** YOUR TASK **
Look at every line below and count those containing "Blue". Answer with the number only.

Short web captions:
-----

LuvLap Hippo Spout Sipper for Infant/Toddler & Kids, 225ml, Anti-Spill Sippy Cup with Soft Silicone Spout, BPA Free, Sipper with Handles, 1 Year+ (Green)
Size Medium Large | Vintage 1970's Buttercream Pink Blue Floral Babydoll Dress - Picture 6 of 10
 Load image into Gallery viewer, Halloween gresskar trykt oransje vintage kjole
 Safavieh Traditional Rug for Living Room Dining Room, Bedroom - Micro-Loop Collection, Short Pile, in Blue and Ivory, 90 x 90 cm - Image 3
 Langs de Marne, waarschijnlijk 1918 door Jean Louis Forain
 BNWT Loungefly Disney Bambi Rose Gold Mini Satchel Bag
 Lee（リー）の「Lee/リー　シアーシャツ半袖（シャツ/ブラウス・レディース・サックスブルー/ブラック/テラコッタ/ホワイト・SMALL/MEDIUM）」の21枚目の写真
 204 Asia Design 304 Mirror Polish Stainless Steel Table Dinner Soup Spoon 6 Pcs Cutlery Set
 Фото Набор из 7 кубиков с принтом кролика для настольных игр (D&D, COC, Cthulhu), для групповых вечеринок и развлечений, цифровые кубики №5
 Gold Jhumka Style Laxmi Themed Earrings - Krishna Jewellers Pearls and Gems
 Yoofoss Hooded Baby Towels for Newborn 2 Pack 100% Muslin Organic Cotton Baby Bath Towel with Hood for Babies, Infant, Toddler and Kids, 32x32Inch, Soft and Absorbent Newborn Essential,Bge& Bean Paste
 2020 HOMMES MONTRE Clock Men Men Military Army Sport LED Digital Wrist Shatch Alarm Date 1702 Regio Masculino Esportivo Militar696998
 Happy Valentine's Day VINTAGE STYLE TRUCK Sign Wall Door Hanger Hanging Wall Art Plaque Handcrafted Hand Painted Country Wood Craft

-----

** ANSWER TO THIS EXERCISE **
2